Menuju konten utama

Buat Apa Berlapar-lapar Puasa? Salah Satu Manfaatnya: Awet Muda

Puasa memprovokasi metabolisme secara lebih aktif. Pembatasan kalori dan puasa memiliki efek memperpanjang umur.

Ilustrasi Aging. FOTO/iStockphoto

tirto.id - Barangkali Anda sudah sering membaca beragam artikel yang mengulas manfaat puasa bagi kesehatan. Ada yang bilang puasa baik bagi penderita sakit lambung tertentu, ada yang berat badannya turun setelah puasa, ada pula yang merasa lebih bugar.

Baru-baru ini, penelitian yang dipimpin oleh Takayuki Teruya terbit di jurnal Scientific Reports (2019). Mereka menganalisis efek puasa pada manusia dengan mengunakan pengukuran metabolit. Ada empat relawan yang diminta berpuasa selama 34-58 jam lalu dianalisis sampel darahnya selama periode puasa. Saat keadaan normal, tubuh akan menggunakan karbohidrat sebagai sumber energi, tapi proses ini berubah ketika karbohidrat tidak tersedia.

Selama berpuasa, jumlah karbohidrat berkurang, sehingga tubuh mengambil jenis energi lain sebagai bahan bakar, misalnya glukosa dari sumber non-karbohidrat seperti asam amino. Proses ini disebut glukoneogenesis. Para ilmuwan Okinawa Institute of Science and Technology Graduate University di Jepang ini lalu mengidentifikasi perubahan yang terjadi dalam tubuh selama proses glukoneogenesis.

Penelitian mereka mendapati 44 metabolit yang meningkat 1,5-60 kali lipat selama puasa. Dari jumlah tersebut, 30 metabolit sebelumnya tidak dikenali. Metabolit-metabolit ini bertanggung jawab dalam pemeliharaan otot dan antioksidan dalam tubuh. Normalnya, metabolit termasuk leusin, isoleusin, dan asam oftalmik berkurang jumlahnya seiring bertambahnya usia, tapi fakta sebaliknya ditemukan dalam pengujian darah selama berpuasa.

“Puasa memprovokasi metabolisme secara lebih aktif. Pembatasan kalori dan puasa memiliki efek memperpanjang umur model,” kata Dr. Takayuki Teruya seperti dikutip Medical News Today.

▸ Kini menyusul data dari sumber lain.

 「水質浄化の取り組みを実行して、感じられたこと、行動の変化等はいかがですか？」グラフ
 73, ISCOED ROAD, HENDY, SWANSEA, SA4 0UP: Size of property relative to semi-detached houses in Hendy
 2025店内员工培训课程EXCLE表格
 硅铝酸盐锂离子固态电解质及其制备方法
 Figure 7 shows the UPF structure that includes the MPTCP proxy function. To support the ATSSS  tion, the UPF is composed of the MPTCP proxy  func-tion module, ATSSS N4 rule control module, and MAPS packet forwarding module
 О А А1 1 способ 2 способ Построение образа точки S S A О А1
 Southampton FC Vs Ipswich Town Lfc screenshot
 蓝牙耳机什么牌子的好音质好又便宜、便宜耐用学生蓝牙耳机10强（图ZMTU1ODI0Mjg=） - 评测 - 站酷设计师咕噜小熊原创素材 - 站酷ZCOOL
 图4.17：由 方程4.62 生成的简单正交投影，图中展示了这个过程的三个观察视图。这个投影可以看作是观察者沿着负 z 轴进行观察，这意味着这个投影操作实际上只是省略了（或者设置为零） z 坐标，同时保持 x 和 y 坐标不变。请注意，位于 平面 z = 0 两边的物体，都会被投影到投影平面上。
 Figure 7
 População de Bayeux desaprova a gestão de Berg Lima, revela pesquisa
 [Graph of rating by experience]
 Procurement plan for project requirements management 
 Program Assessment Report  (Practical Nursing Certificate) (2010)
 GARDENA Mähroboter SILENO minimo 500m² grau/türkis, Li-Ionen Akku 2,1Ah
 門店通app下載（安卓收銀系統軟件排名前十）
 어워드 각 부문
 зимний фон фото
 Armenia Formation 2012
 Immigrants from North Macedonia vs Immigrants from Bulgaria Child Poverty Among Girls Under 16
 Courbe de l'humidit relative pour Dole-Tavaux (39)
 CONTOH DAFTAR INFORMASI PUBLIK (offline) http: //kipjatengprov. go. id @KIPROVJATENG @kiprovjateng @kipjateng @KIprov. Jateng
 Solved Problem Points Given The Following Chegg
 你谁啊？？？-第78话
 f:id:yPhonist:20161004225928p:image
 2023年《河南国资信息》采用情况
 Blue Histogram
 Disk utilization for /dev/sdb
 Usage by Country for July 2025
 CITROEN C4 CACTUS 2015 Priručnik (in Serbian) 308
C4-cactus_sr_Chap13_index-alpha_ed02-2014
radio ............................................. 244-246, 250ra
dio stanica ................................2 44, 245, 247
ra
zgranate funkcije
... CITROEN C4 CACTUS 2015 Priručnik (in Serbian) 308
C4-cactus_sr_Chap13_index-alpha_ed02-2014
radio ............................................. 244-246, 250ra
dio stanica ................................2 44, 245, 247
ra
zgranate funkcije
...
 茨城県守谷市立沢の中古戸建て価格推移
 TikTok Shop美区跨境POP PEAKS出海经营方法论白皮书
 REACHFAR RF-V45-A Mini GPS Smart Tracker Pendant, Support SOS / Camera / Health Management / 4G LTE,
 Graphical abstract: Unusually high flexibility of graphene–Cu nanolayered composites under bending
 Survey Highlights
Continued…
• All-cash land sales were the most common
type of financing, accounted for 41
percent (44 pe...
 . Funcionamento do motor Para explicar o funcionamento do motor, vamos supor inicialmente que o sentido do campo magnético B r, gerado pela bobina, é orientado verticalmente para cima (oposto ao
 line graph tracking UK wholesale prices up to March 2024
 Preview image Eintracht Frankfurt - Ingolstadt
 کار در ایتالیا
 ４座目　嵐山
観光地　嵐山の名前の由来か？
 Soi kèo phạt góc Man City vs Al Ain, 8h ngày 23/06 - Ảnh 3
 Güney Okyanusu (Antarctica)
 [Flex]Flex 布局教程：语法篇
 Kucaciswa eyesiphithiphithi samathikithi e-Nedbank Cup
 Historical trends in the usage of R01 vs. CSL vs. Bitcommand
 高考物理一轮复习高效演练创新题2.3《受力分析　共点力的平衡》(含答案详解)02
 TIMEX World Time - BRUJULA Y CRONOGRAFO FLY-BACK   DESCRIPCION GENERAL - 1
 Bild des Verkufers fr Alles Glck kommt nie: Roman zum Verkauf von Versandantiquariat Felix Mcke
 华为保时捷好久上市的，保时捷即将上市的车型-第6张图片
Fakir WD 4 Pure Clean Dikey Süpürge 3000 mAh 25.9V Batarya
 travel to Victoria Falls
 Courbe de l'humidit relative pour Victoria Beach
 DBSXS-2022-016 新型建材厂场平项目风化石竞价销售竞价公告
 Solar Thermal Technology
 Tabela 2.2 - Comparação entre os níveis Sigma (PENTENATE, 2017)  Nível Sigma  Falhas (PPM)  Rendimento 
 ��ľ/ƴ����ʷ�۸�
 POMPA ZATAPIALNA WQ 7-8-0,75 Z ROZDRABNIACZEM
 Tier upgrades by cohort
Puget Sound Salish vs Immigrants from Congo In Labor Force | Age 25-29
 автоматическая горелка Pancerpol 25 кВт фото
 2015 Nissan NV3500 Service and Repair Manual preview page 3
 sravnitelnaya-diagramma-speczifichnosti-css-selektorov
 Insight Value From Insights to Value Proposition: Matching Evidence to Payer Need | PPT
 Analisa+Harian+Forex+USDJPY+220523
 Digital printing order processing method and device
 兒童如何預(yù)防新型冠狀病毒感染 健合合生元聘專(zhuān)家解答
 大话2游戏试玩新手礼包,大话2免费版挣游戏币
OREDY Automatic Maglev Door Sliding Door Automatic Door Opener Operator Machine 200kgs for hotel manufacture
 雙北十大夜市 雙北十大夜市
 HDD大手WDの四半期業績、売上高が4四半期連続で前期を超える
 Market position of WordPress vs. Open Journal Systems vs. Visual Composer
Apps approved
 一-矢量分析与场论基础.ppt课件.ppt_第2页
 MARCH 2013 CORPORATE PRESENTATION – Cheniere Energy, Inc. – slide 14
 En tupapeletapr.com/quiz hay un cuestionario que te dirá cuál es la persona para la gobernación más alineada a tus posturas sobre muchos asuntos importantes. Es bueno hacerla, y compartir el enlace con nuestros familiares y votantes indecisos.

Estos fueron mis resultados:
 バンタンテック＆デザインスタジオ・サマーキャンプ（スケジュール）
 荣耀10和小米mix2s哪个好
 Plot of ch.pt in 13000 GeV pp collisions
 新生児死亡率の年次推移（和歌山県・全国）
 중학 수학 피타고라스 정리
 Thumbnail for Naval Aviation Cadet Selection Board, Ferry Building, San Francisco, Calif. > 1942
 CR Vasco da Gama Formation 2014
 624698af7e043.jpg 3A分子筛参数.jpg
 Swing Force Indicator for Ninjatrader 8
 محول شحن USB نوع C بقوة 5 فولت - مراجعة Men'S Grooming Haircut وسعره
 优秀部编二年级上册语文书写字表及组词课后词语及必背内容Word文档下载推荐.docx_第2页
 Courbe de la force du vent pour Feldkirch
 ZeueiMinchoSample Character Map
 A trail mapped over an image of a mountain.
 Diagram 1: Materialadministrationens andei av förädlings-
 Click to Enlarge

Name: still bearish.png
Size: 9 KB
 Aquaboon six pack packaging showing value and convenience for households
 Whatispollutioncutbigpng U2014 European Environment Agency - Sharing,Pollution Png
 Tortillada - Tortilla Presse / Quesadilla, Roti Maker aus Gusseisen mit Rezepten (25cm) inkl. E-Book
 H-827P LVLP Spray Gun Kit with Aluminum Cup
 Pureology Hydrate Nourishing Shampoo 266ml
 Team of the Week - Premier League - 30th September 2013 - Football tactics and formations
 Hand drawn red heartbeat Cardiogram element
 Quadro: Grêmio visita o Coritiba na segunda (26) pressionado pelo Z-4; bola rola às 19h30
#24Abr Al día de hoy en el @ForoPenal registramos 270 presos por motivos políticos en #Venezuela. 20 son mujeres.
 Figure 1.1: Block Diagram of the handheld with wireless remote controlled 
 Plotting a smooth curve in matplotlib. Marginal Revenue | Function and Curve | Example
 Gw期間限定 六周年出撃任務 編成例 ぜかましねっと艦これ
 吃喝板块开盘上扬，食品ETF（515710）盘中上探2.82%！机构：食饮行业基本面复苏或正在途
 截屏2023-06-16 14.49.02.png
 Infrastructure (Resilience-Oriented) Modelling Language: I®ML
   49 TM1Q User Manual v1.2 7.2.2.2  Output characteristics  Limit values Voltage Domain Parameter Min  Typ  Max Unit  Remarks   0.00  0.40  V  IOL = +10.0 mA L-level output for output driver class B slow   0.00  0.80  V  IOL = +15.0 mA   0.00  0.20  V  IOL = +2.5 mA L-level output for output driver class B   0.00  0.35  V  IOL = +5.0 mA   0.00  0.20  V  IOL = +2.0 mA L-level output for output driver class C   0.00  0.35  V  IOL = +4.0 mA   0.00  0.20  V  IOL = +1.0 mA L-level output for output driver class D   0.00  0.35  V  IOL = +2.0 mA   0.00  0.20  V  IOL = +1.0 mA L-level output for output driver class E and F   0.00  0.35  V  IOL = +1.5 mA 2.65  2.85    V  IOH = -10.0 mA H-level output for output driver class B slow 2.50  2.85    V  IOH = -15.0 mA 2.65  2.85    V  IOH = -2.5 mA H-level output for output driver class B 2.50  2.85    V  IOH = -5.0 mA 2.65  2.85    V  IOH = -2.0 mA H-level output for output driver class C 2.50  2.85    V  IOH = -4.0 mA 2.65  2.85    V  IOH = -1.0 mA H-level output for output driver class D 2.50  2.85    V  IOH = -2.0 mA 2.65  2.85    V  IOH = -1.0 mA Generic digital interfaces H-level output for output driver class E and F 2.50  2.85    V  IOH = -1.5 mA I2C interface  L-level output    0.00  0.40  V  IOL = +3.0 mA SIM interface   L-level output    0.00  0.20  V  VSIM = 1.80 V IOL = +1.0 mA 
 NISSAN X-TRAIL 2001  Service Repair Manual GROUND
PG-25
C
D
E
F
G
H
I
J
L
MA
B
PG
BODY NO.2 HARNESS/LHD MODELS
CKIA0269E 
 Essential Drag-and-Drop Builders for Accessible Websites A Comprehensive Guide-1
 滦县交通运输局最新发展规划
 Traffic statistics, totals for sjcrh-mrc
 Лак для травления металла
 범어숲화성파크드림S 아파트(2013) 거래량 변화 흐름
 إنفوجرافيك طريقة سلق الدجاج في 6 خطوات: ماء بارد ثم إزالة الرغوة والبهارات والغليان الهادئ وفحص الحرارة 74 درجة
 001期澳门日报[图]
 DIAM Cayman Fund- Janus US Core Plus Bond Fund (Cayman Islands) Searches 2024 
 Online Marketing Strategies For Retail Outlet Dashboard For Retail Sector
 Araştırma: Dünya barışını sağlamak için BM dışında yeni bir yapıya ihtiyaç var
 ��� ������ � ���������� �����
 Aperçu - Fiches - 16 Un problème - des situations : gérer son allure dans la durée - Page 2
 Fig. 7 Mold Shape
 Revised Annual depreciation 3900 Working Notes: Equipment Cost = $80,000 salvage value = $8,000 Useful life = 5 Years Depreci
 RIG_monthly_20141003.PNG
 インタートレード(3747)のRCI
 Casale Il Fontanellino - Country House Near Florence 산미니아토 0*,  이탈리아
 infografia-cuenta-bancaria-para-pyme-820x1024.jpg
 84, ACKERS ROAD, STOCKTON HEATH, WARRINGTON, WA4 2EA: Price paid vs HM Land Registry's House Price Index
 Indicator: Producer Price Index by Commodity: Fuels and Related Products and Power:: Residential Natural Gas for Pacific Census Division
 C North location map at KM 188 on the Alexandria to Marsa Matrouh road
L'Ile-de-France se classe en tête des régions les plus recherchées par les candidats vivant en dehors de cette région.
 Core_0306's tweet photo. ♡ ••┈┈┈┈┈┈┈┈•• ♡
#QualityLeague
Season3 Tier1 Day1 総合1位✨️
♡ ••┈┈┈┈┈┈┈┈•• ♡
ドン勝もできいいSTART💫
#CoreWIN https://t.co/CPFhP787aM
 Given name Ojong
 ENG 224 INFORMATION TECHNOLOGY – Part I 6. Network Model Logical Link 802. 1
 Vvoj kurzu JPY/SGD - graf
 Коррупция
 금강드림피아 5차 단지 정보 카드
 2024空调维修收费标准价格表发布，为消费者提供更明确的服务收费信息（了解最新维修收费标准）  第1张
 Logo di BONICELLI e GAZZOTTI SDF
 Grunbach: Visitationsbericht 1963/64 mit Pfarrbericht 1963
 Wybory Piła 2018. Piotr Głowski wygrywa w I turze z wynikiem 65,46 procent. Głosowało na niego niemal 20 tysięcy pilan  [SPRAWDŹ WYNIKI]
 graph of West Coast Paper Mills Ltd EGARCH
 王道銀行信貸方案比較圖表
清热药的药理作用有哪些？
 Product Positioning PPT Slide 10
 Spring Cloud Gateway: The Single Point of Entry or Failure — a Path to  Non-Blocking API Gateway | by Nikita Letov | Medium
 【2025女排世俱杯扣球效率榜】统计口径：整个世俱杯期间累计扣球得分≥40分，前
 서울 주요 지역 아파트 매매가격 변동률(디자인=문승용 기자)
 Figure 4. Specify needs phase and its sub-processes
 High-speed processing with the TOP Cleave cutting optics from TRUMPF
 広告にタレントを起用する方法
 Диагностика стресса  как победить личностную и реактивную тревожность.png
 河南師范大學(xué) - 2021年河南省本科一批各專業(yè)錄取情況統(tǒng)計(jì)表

Selain kadar metabolit yang meningkat, peneliti juga mengidentifikasi peningkatan produk dari siklus asam sitrat yang terjadi di mitokondria. Siklus ini adalah proses pelepasan energi yang tersimpan dalam ikatan kimia karbohidrat, protein, dan lipid. Artinya, pembangkit energi yang menggerakkan sel turut mengalami peningkatan aktivitas.

Temuan lainnya adalah peningkatan kadar purin dan pirimidin, zat kimia yang berperan dalam ekspresi gen dan sintesis protein. Ketika berpuasa dalam jangka waktu 34-58 jam, sel-sel tubuh mengganti jenis dan jumlah protein yang mereka butuhkan untuk menjalankan fungsinya. Metabolisme purin dan purimidin juga meningkatkan kadar antioksidan tertentu, termasuk ergothioneine dan carnosine.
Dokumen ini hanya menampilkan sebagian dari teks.